Oblique intent

Why the name? Well criminal law afficionados will recognise the phrase 'oblique intent' as referring to a problem of mens rea:can a person who intends to do x (such as setting fire to a building to scare the occupants) also be said to have an intention to kill if one of the occupants dies? This is a problem that has consumed an inordinate amount of time in the appeal courts and in the legal journals, and can be taken to represent a certain kind of approach to legal theory. My approach is intended to be more oblique to this mainstream approach, and thus to raise different kinds of questions and issues. Hence the name.

Tuesday, 12 November 2013

On the misinterpretation of the Sexual Offences (S) Act 2009: HM Adv v Mutebi

Much has been made of the the reform of the law of sexual offences in Scotland. The passing of the Sexual Offences (S) Act 2009 was a historic moment, replacing the common law of sexual offences with a new statutory code. The law was being modernised, replacing outdated and gendered conceptions of rape with a new law that placed the protection of sexual autonomy at its core. And this new focus was to be reflected in a new approach to the concept of consent which aimed at altering the balance of the trial.

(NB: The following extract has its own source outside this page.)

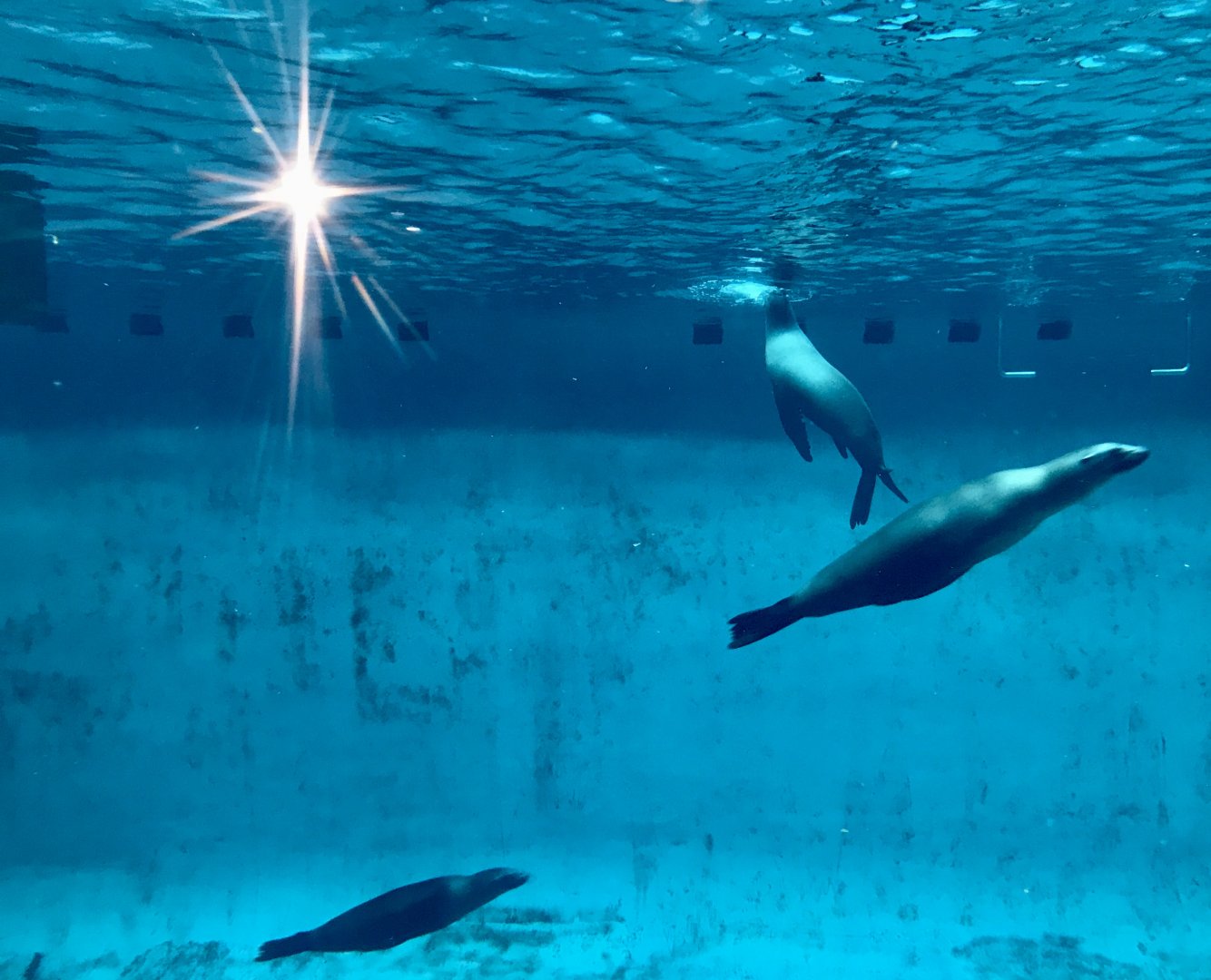 California Sea Lions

If the old law was often criticised for allowing the complainer to be put on trial over whether or not she had consented, the new law sought to address this in two ways. First, it aimed to take the question of consent out of consideration in certain cases (the statutory indicators in s.13): if it was proved that a complainer was incapable because of drugs or alcohol, or that violence had been used and so on, then there could be no consent as a matter of law. Second, if the accused claimed that they had a reasonable belief that the complainer was consenting, then it was necessary for the accused to show whether
whether they took any steps to ascertain whether there was consent ...; and if so, to what those steps were. (s.16)
The point of this was that it was for the accused to show what steps they took, rather than for a complainer to have to show that she did not consent.

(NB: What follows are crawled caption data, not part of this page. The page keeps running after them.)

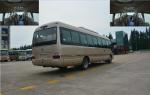 China Luxury Coach Bus Coaster Minibus school vehicle In India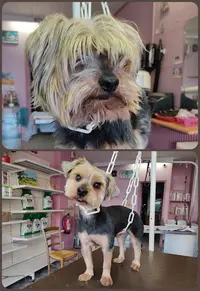Le Chien Beaute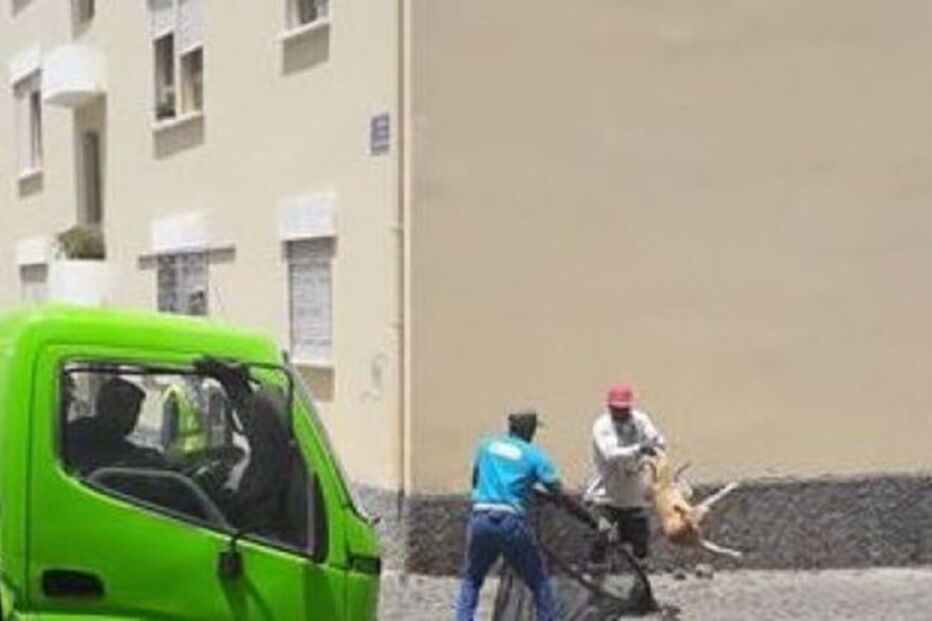 Autarquia praiense revelou que em 2018 foram abatidos por eletrocussão 1.600 cães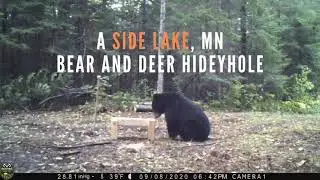 80 Acre Hunting Property For Sale Near Side Lake, MN!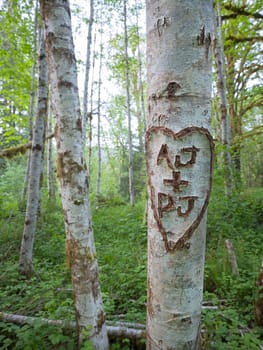 Close up of initials carved inside a heat on a white tree in Quinault rainforest in western Washington.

Of course the law was not perfect. The drafting of many sections is clumsy, but it seemed that the central purpose was clear enough. The law was duly passed in 2009, not coming into force until nearly a year later, so as to allow police, prosecutors and judiciary to be trained in the implementation of the new law. However, with the publication of the judgement of one of the first cases to reach the Appeal Court there are now grounds for suspecting that the judiciary have failed to grasp the structure of the new law and that this may actually undercut its aims.

The case is HM Adv v Mutebi. I wrote about this rather speculatively at the time of the decision, on the basis of press reports, bu now we can see more clearly how it was argued. The case concerned an appeal against conviction by Mutebi who claimed that woman he had sex with had consented (although she was very drunk) and that when she had regained consciousness during the sexual intercourse and had withdrawn consent, that he had in fact withdrawn and left her flat.

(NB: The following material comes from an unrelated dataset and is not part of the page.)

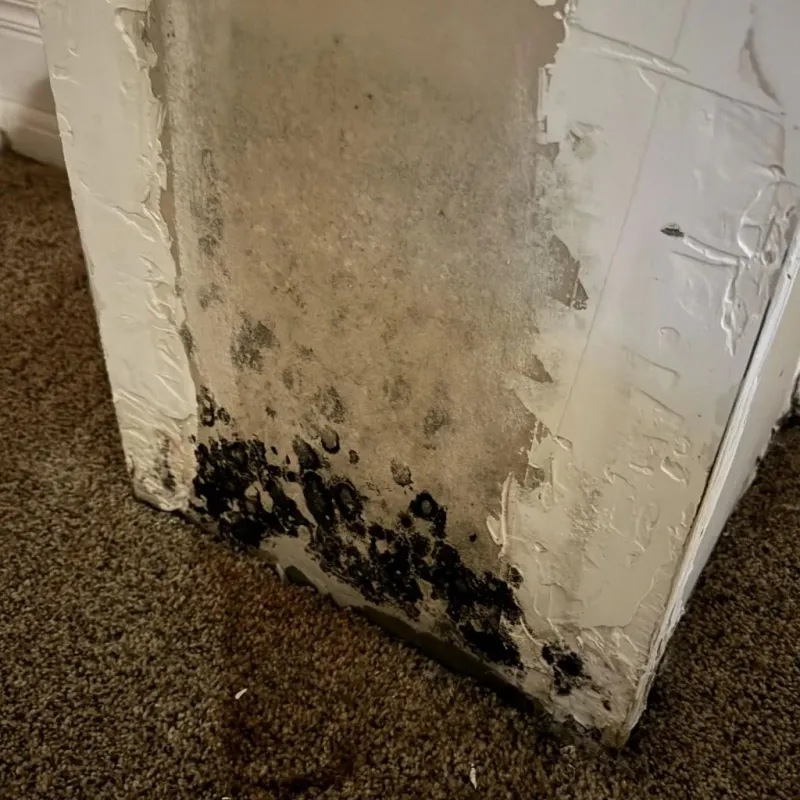 Professional Mold Removal in South Amherst, OH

There is already something strange about this in that in a situation where the complainer was clearly so drunk that she could not remember whether she had consented or not to sex with a stranger, who then stole her phone and money when he left her flat, was not treated as falling within the scope of s.13 (the jury apparently having decided that she might have consented and deleting the relevant part of the indictment). The case thus seems to proceed on the basis that it was likely that she would have consented to have sex with a stranger who she met on the street while very drunk, rather than regarding this as something out of the ordinary or improbable.

However, if we leave this aside I am interested here in how the Appeal Court approached the question of the application of the provisions of the 2009 Act. What is bizarre about this is that after setting out the relevant provisions of the Act, the Court then proceeded to argue as though the pre-existing common law was still in force. Thus rather than focusing on the question of her physical state and the steps that Mutebi might have taken to ascertain whether or not she was consenting, the Court discussed the evidence of knowledge or recklessness as mens rea of rape, and whether there was evidence to corroborate this.

It should not need stating, but this is clearly not the new law. The 'mens rea' of the offence is that the accused should penetrate the complainer with his penis "without any reasonable belief that B (the complainer) consents". And the definition of how reasonable belief should be approached is now set out in s.16 (above). This does not remove the need for corroboration, which the court discusses at length, but it should be clear that it reframes the way his should be approached.

It is worrying that the Court should have erred on such a simple matter as the interpretation of the new law; but as I suggested above, this is an even greater concern when it threatens to undermine the whole basis of the new law.